Offbeat

Melting Artic Ice Reveals Ancient Weapons

The Canadian Arctic is the unlikely site of an amazing treasure trove of ancient weaponry. Melting ice patches in the Yukon’s remote Mackenzie Mountains have uncovered a collection of weapons that dates back more than 2,000 years. These spears, squirrel snares and bow and arrows are shedding significant light upon ancient hunting strategies. Read on for more about this scintillating find.

This array of ancient weapons buried under centuries of snow was discovered in a region ordinarily dotted with significant ice patches that until recently remained frozen all year. Caribou huddle on these formations during the warmer months of the year as they offer remote respite from the heat and annoying bugs. This age old practice makes the caribou easy targets for lazy hunters.

According to Tom Andrews, an archaeologist with the Prince of Wales Northern Heritage Center in Yellowknife and lead researcher on the International Polar Year Ice Patch Study:

“We are talking of complete examples of ancient technology, including arrows with wooden shafts, feathers and sinew hafting. These artifacts are giving us an entirely new appreciation of how ancient hunting tools were made and used. There are wooden arrows and dart shafts so fine you can’t believe someone sat down with a stone and made them.”

This specific field of Ice Patch archaeology originated in the southern Yukon back in 1997 when sheep-herders uncovered a 4,300-year-old dart shaft floating amid the caribou dung in the thawing patches of ice.

In the words of Greg Hare, a Yukon archaeologist who analyzed the original discovery:

“Following that discovery, we recovered more than 200 ancient hunting artifacts, with the oldest dating back more than 9,000 years.”

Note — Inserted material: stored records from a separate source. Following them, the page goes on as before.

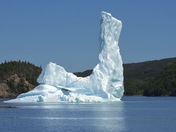Newfoundland Iceberg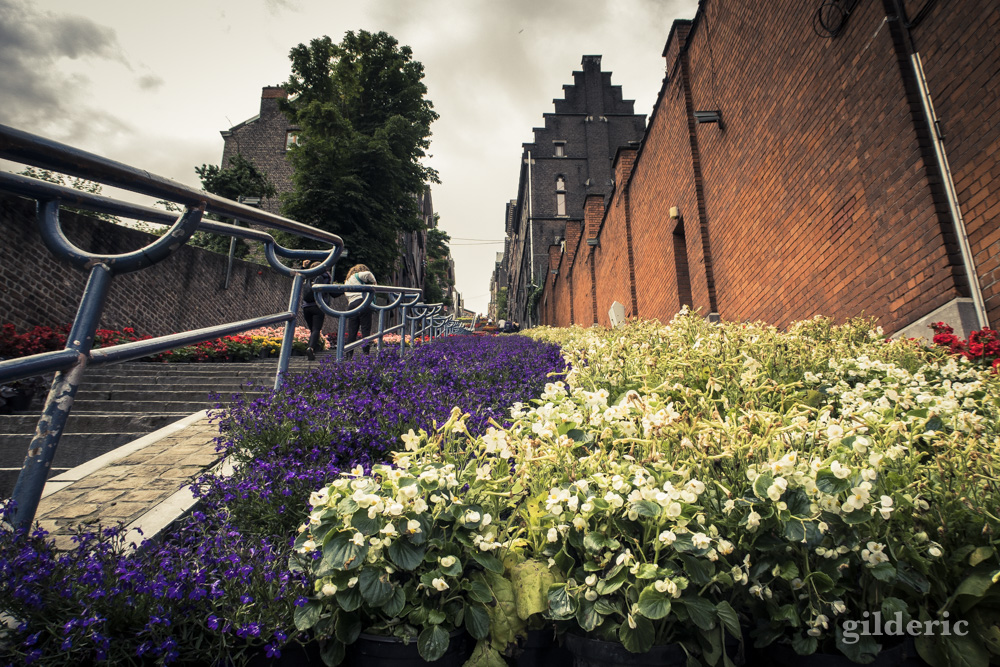 La Montagne de Bueren en fleurs (Liège)
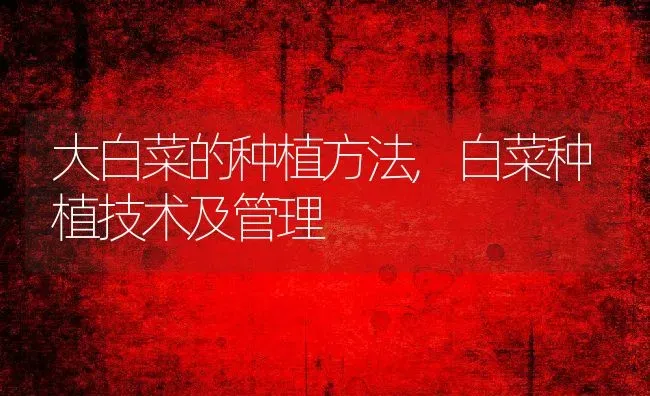 大白菜的种植方法,白菜种植技术及管理 | 养殖学堂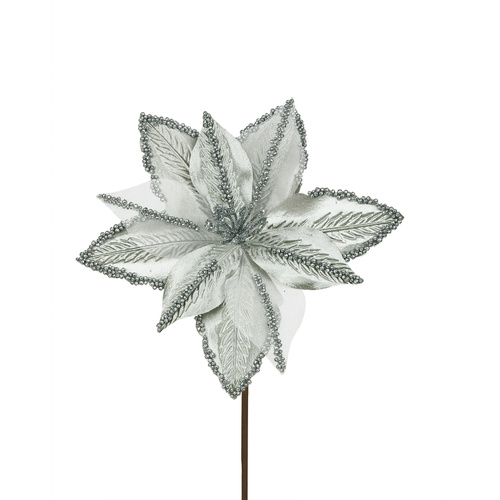 Gunmetal Poinsettia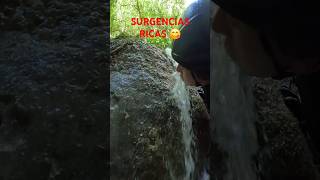 FORNOCAL #sierradeguara #guara #fornocal #canyoning #barrancos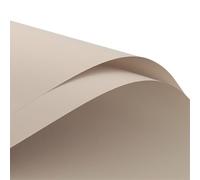 Heavyoff 20 Hojas de papel de regalo de flores con borde, suministros de ramo de floristería, impermeable, papel de regalo para Bouquets y Eventos Especiales, Gris 1, 58x58cm
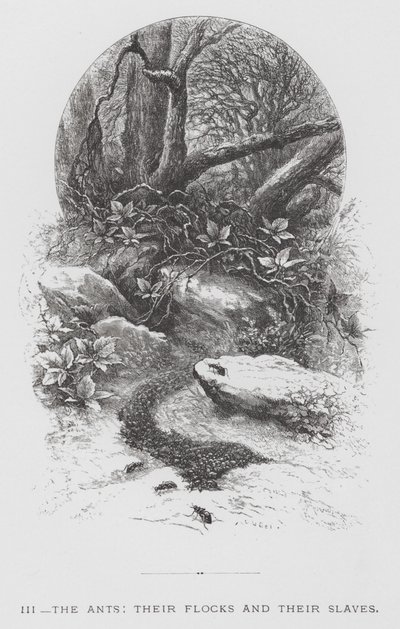 Het insect: De mieren, hun kuddes en hun slaven (gravure) door Hector Giacomelli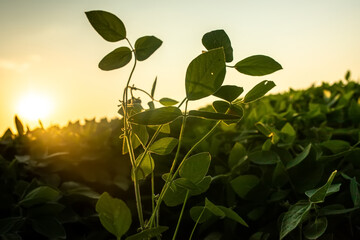 Soybean crop in the non-GMO field. Glycine max, soybean, soya bean sprout growing soybeans on an...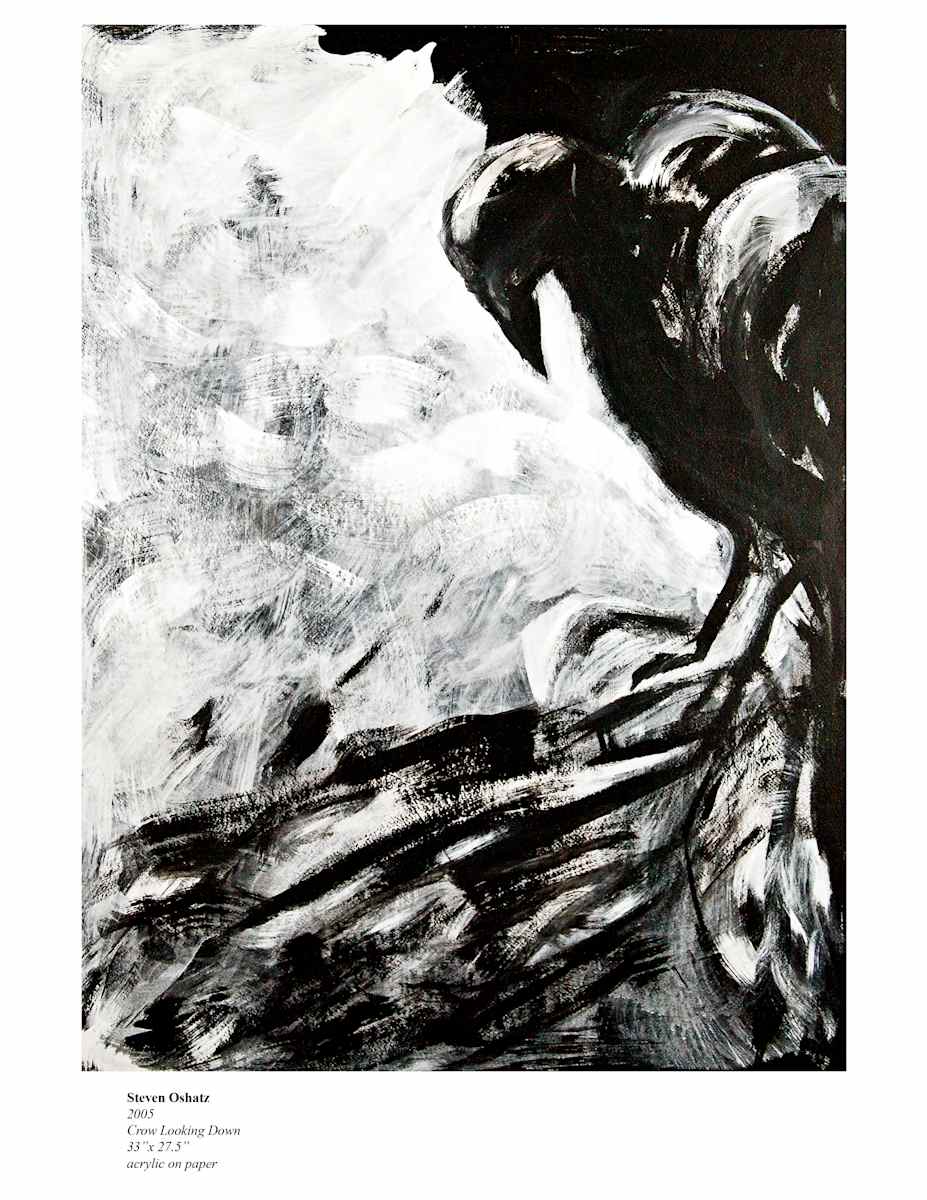 CROW LOOKING DOWN by Steven Oshatz 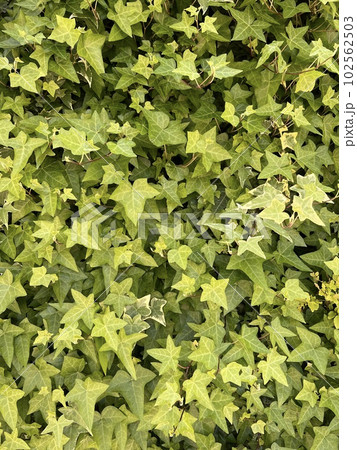 アイビー 102562503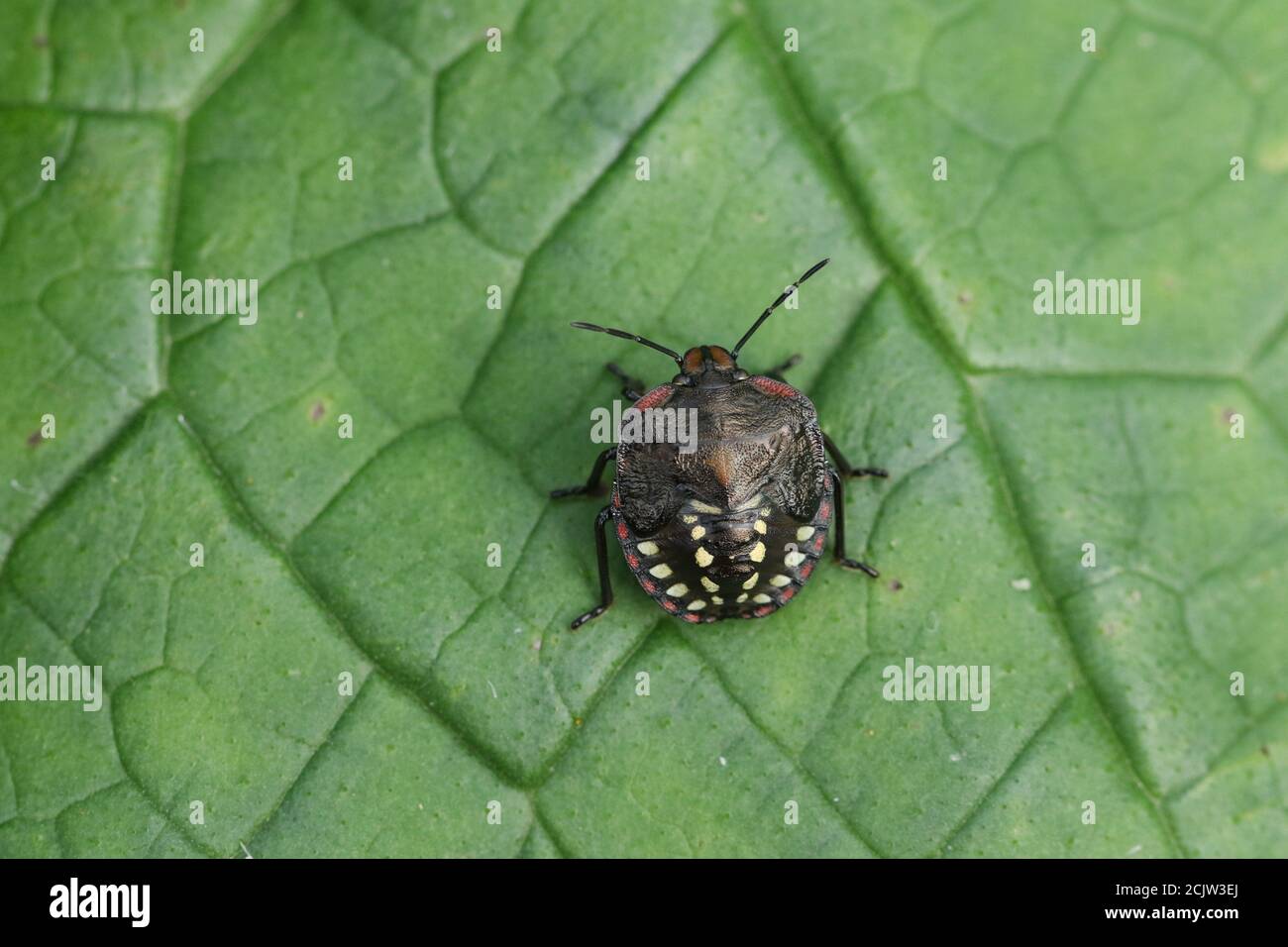 Una ninfa o viridula di Nezara di bug dello scudo Verde Meridionale, che riposa su una foglia. Foto Stock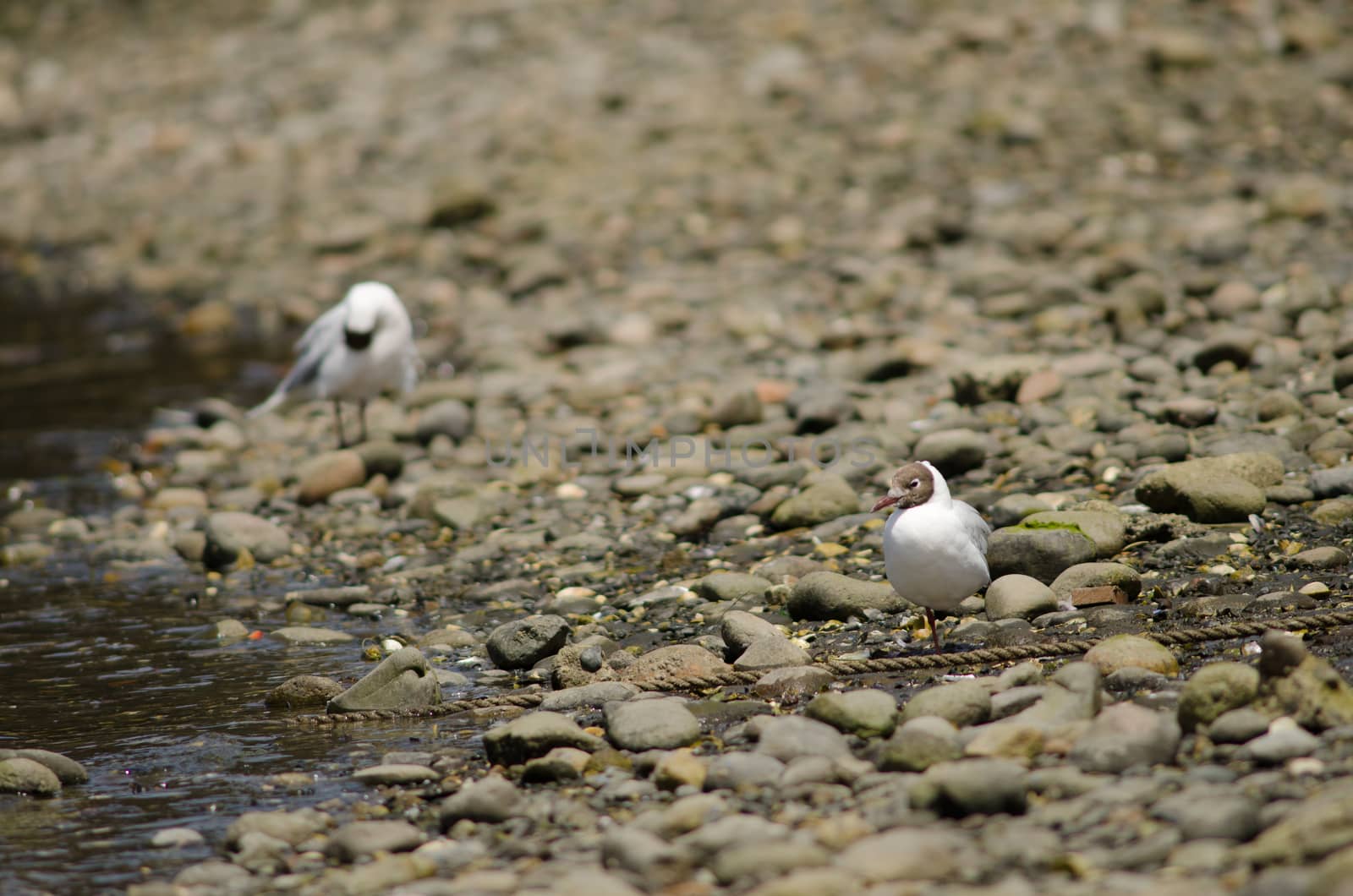 Brown-hooded gulls Chroicocephalus maculipennis in the coast. by VictorSuarez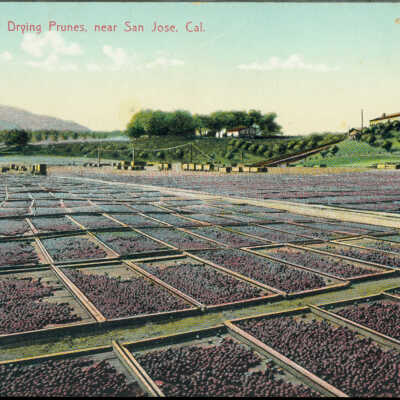 20 Acres of Drying Prunes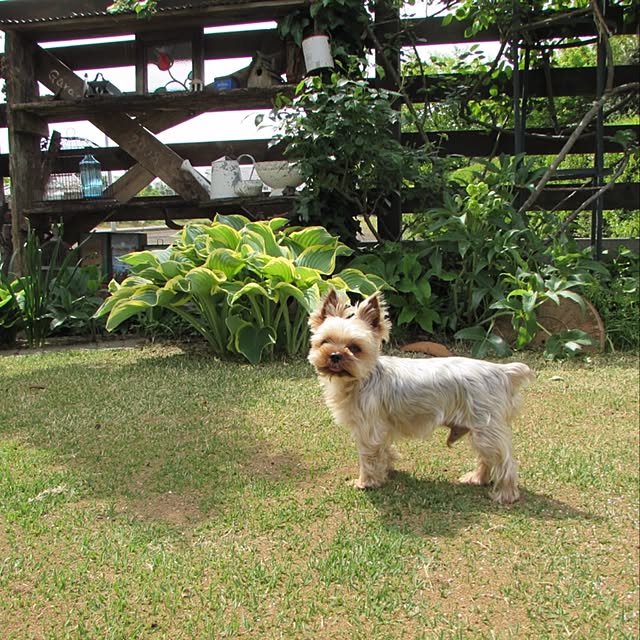 misacoさんの実例写真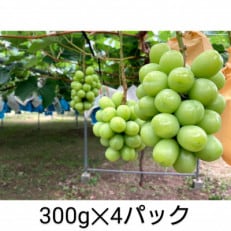 [2024年8月より順次発送]宇城市産・シャインマスカット300g×4パック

These fascinating finds, in addition to the unearthing of some 1,600 animal bones, and mummified remains of plants, small mammals and birds that had been preserved in the ice for thousands of years, can be attributed to the unintentional benefits of global warming.

In the next year or so, Andrews and his team will be targeting some twenty ice patches for the retrieval of priceless and highly fragile artifacts as they go through the melting process. It is a race against time as the artifacts must be collected before they are either trampled by caribou or dissolved by acidic soils.

Despite the life threatening ramifications of global warming, in this case it has opened an important door to the past that will help us understand our ancestors in even greater detail.